Belt drive or direct drive — which should I choose?

Choose direct drive when: speed adjustment is not needed (or handled by VFD), motor access is not a maintenance concern, and the airstream is not so corrosive that shaft seal leakage would damage the motor. Direct drive is simpler, more compact, and has no belt maintenance. Choose belt drive when: you need speed adjustability without electronics (pulley change), you want motor isolation from corrosive airstream (no shaft penetration), or you need motor replacement without impeller removal (critical for production-dependent facilities).

How often do belts need to be replaced?

V-belts in continuous industrial fan service typically last 12-18 months before requiring replacement. Tension should be checked monthly for the first 3 months (new belts stretch and seat into pulley grooves), then quarterly. A properly tensioned belt set that is not overloaded will show gradual wear; sudden belt failure usually indicates incorrect tension, misaligned pulleys, or an overloaded fan. We ship every fan with belt tension specifications and a recommended re-tensioning schedule.

Can I retrofit a belt-driven negative pressure fan into an existing direct-drive installation?
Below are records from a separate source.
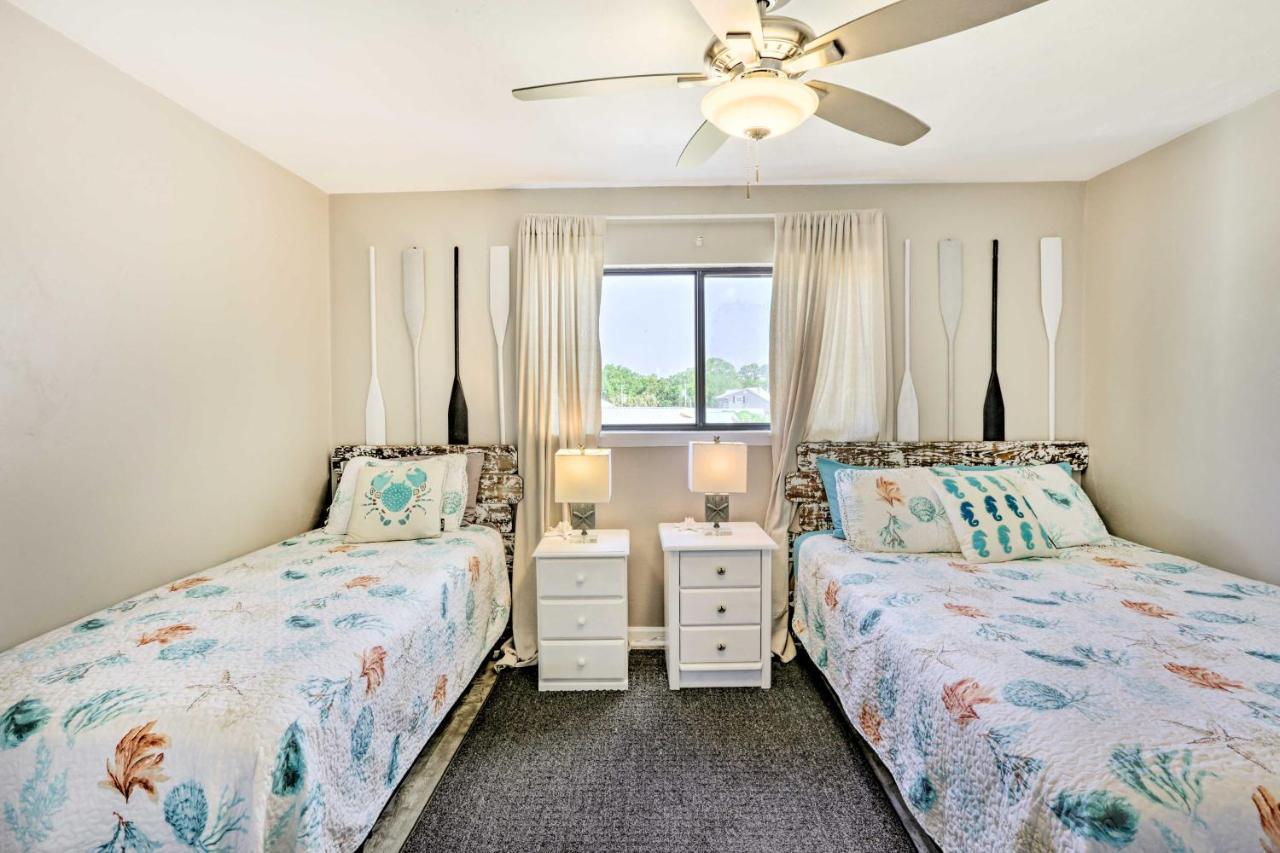 Waterfront Escape With Balcony On Shell Point Beach! Panacea Exterior foto
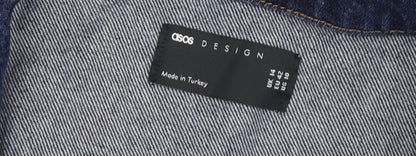 ASOS DESIGN Women's Blue Denim Shirt Dress Size 14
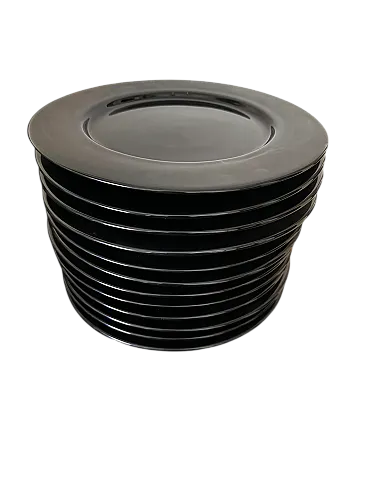 Servizio 12 sottopiatti Italica Ars neri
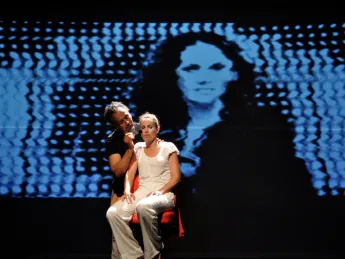 Amy Brenneman in her one-act play, <i>Mouth Wide Open</i>
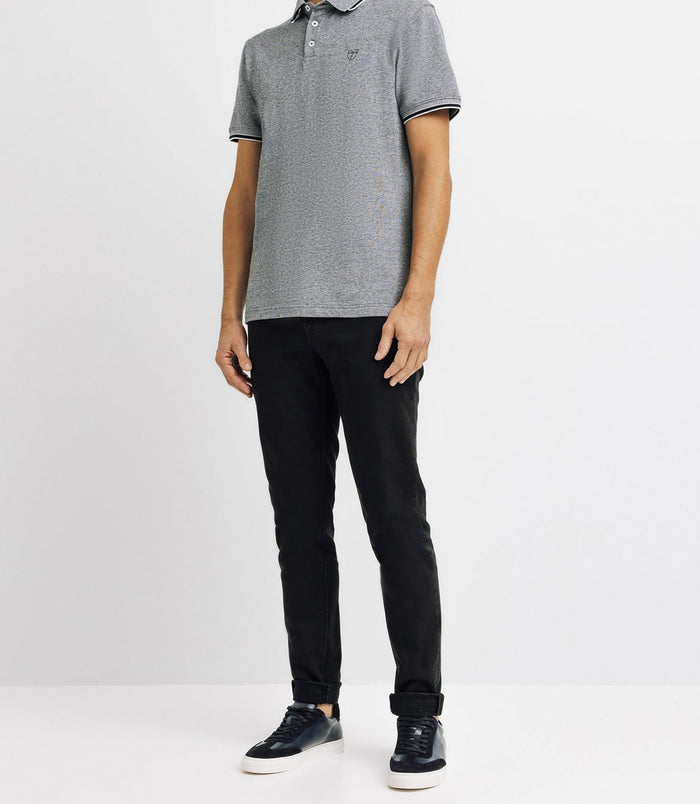 izac Polo piqué avec broderie marine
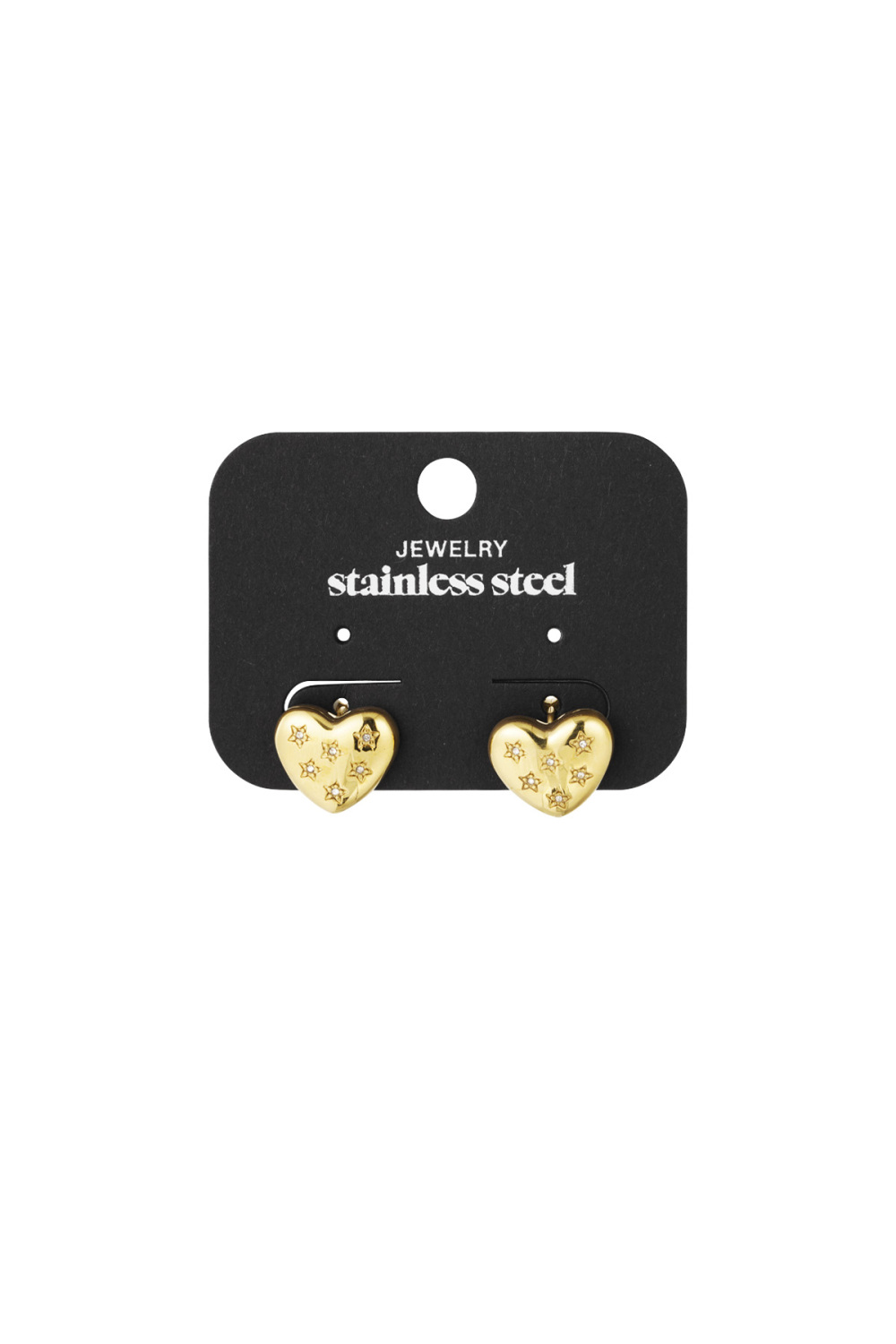 Boucles D'oreilles Coeurs De Tous Les Jours - Doré h5Image4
Yes, if the existing duct connections and baseplate accommodate the larger footprint of a belt-driven fan (the motor sits beside the casing rather than directly coupled, requiring more width). Send us the existing fan’s dimensions, duct connection sizes, and current performance data. We’ll check if a belt-driven replacement fits the available space and meets the performance requirement. The transition typically requires new duct adapters at the fan inlet and outlet flanges.